Spätestens Kims zweites Treffen mit Chinas Staats- und Parteichef Xi Jinping im Mai war kein vorsichtiges Herantasten mehr. Washington bekam Pekings Einfluss auf Kim unmittelbar zu spüren. Nach Kims Stippvisite in der nordchinesischen Hafenstadt Dalian reagierte der Diktator wieder sehr viel härter auf Trumps Prahlerei, der sich damit brüstete, den Konflikt zugunsten der USA gelöst zu haben. Kim drohte mit Absage. Prompt gab Trump Peking die Schuld daran und sagte seinerseits den Gipfel ab. Keine 24 Stunden später relativierte Trump seine Aussage.
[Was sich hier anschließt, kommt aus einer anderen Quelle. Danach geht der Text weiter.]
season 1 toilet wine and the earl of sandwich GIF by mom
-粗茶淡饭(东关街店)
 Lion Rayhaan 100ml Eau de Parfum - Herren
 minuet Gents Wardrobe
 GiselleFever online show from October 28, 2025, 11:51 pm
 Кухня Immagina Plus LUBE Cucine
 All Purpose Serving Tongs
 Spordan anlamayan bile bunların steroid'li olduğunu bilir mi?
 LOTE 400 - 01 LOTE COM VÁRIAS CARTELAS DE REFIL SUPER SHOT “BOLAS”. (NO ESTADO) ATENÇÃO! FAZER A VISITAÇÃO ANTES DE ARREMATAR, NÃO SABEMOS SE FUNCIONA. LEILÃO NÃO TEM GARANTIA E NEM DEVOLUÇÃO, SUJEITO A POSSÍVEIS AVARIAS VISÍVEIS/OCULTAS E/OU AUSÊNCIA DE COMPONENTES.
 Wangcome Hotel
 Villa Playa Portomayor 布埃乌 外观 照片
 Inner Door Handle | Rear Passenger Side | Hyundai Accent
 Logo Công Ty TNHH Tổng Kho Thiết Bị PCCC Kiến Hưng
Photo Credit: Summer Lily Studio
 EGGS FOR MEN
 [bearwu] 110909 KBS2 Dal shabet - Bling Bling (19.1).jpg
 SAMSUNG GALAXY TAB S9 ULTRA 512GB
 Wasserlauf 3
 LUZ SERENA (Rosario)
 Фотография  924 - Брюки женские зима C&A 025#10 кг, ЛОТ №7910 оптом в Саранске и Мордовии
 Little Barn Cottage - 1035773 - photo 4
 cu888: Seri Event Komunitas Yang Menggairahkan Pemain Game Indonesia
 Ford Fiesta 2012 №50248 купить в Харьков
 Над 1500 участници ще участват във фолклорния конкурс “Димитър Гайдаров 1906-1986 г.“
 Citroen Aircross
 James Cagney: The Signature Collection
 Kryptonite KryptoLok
Jetzt heißt es aus dem Weißen Haus: Kim habe um den Gipfel „gebettelt“.

Nun hat Trump Kim vorgeschlagen, es in Singapur keineswegs bei einem freundlichen Handschlag zu belassen, sondern ganz konkret ein Friedensabkommen miteinander abzuschließen. Der südkoreanische Präsident, Moon Jae-in, könnte rasch eingeflogen werden. China soll nicht dabei sein.

Kim spielt Karten geschickt aus

Die chinesische Führung reagiert darauf selbstbewusst. In einem Leitartikel der Staatszeitung „Global Times“ hieß es vergangene Woche: Chinas Beteiligung sei unumgänglich. Jeder Deal zur formalen Beendigung des jahrzehntelangen Konflikts sei „sicherer“, wenn China dabei ist. Werde Peking nicht ausreichend eingebunden, sei jedes Abkommen zum Scheitern verurteilt. Das klingt nach einer Drohung.

Für Kim ist das eine weitere Karte, die er in Singapur sicherlich geschickt auszuspielen versucht. Und so gibt es bei dem Gipfel am Dienstag zwischen US-Präsident Trump und Nordkoreas Diktator, Kim, einen unsichtbaren Dritten. Sein Name: Xi Jinping.

Auf einen Blick

China und Nordkorea gelten traditionell als enge Verbündete. Doch die nordkoreanischen Atom- und Raketentests der vergangenen Jahre hatten die Beziehungen der nordkoreanischen Führung zum großen Bruder schwer belastet. So stimmte China im UN-Sicherheitsrat zunächst für die von den USA eingebrachten Sanktionen. Für das Regime in Pjöngjang war das ein besonders harter Schlag. Dann kam die Charmeoffensive des nordkoreanischen Diktators, Kim Jong-un, gegenüber den USA und Südkorea. In Peking sorgte man sich, China könnte nun außen vor gelassen werden, und arbeitete erfolgreich dagegen. Seit März hat Kim China schon zwei Mal einen Besuch abgestattet.